Yep I took the a trade in the USD/JPY the other day (Posted in classic TA).

Reason of trade:

Double bottom on support plus a minor higher low CCI confirmed the chart support I took 4 contracts out for a total of 107 pips with a sell of two for 71 and a close of the other two for 36 pips. Minor support line my entry area @ 11489, see chart (4 Hour)

The usd/jpy is still in a range but holding out on the top end of it. A break out of 11600 could really be saying something.

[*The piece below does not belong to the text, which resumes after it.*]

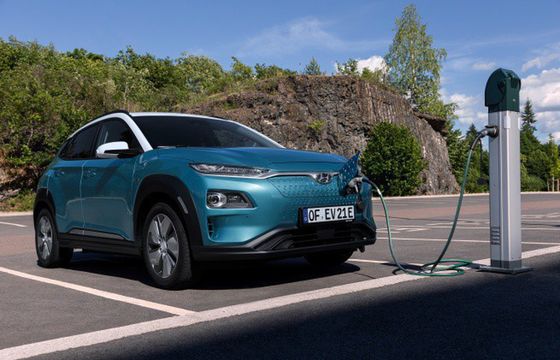 Hyundai: elektryczny SUV Kona Electric od 165,9 tys. zł (wideo)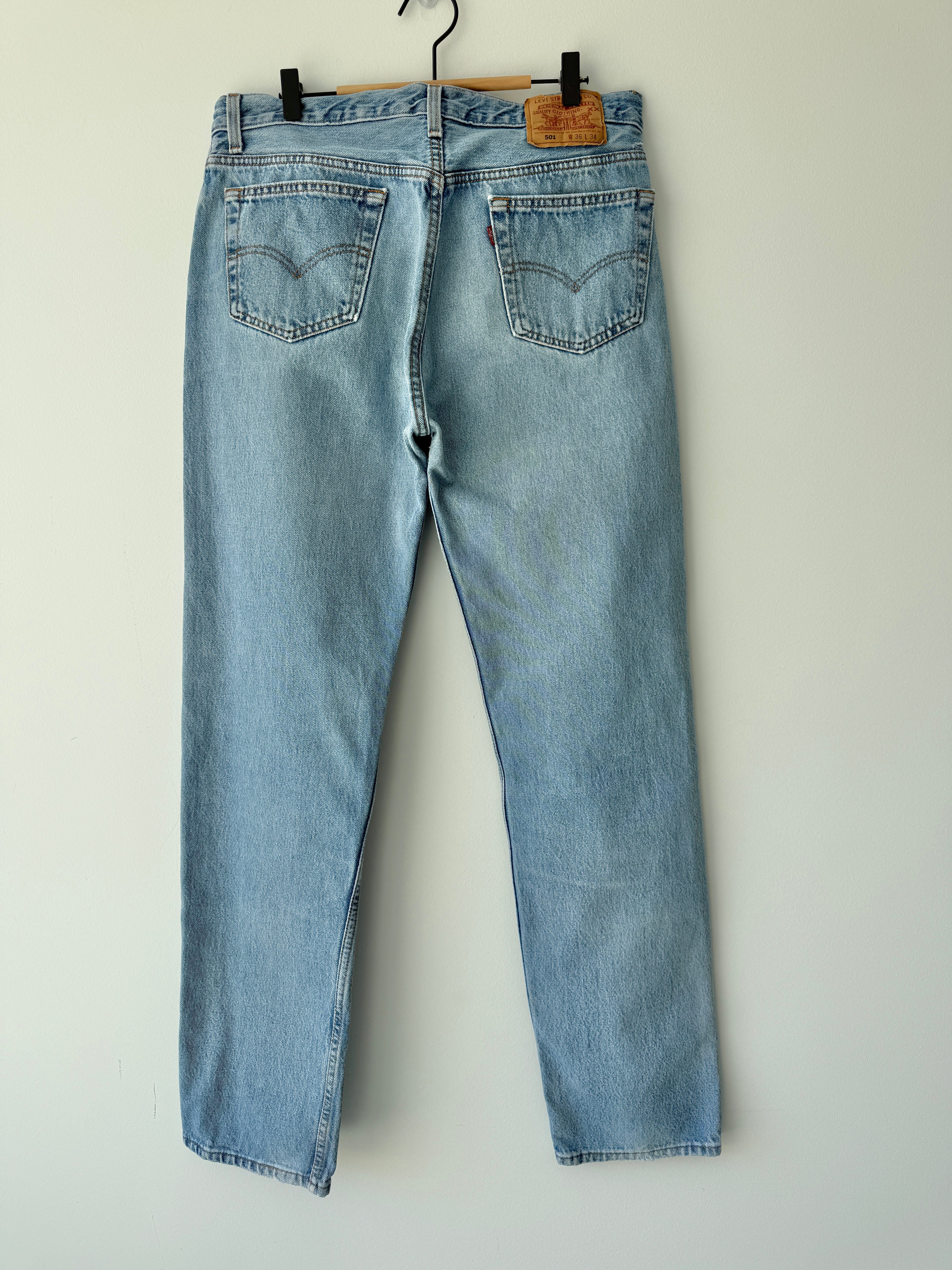 W33 L32 vintage Levis 501 32/33” measured waist medium blue 90s USA  501s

MW good on you for flying the EW flag I am a enormous fan of Wavepickers work, good to see skilled technicians in here willing to share.

Good trading....


----------



## bobensero (3 October 2007)

hi there, just wandering who you use to trade forex, also what books would you recommend to learn more about forex?


----------



## It's Snake Pliskin (4 October 2007)

bobensero said:


> hi there, just wandering who you use to trade forex, also what books would you recommend to learn more about forex?




Search the internet there is a lot to be found. 
Kathy Lien, Boris Schlossberg, there is a Russian guy who wrote a book recently.


----------



## MARKETWAVES (4 October 2007)

MARKETWAVES said:


> Here is the* Usd/Yen *:
> 
> There appears to be an underlying Inverted Head & Shoulder Pattern
> Formation in the chart ...... All this needs now is some thing to push it ....
> ...



*UPDATE :
*
 The Usd/Yen is " Bustin Loose "  and looking like  a 
Classic Inverted  Head & Shoulder Breakout .......


----------



## MARKETWAVES (5 October 2007)

*Re: Your latest trade based on T/A*

Tomorrow is a big day for the Funny-Mentals .............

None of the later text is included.